In aid-recipient countries, economic dynamism, redistributive fiscal capacity, the prevailing terms of trade, and high levels of income inequality are all positively associated with the recent expansion of social protection systems in SSA. While the abundance of natural resource rents, the incidence of material deprivation, and the scale of unemployment either hinder or have negligible effects on the expansion of social protection systems.
Aggregate shocks, in particular, previous financial crises, have triggered the expansion of social protection programmes in LAC, but not in SSA.
The important question is how to assist LMICs to utilize social protection systems to better respond to, and mitigate the effects of, aggregate shocks. This will require not only the expansion of the scale and scope of these systems with financial assistance, but also the building of tax collection and welfare delivery systems that enable governments to effectively respond to crises.

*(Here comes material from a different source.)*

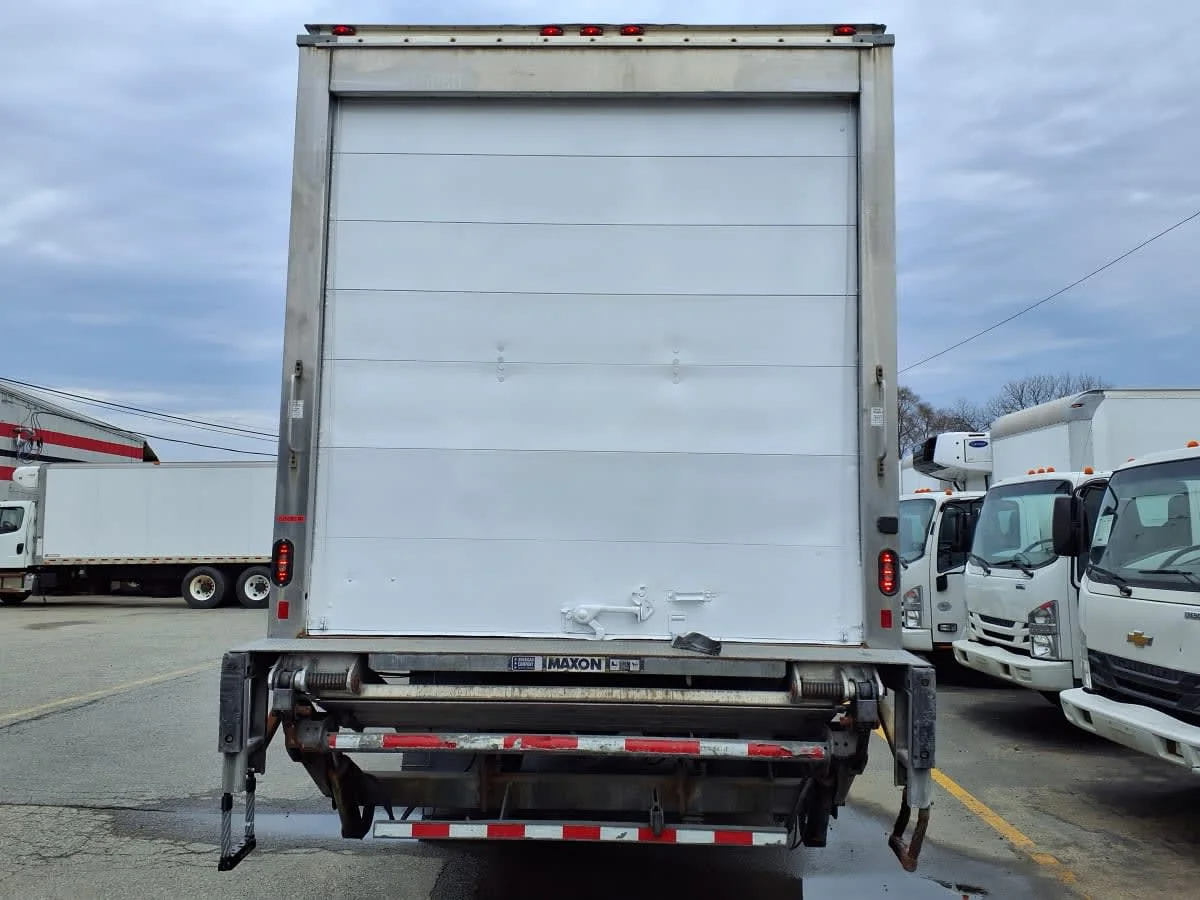 2019 International 4300 in Salisbury, MA — photo 5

Financial assistance to low- and middle-income countries to expand social protection systems supports homegrown resilience to crises and shocks and increases access to protection against poverty and vulnerability
As national fiscal and redistributive capacity is an important determinant of social protection expansion, aid that is paired with support for improved public domestic resource mobilization can be more effective
Building in parallel the fiscal capacity of countries is desirable, and possibly the most effective way to secure the long-term sustainability of social protection systems, particularly in sub-Saharan Africa
The study makes the case for continuing to provide support for building social protection systems, preferably in parallel with aid interventions that enhance public resource mobilization efforts, which are critical to achieving the long-term sustainability of social protection in the Global South.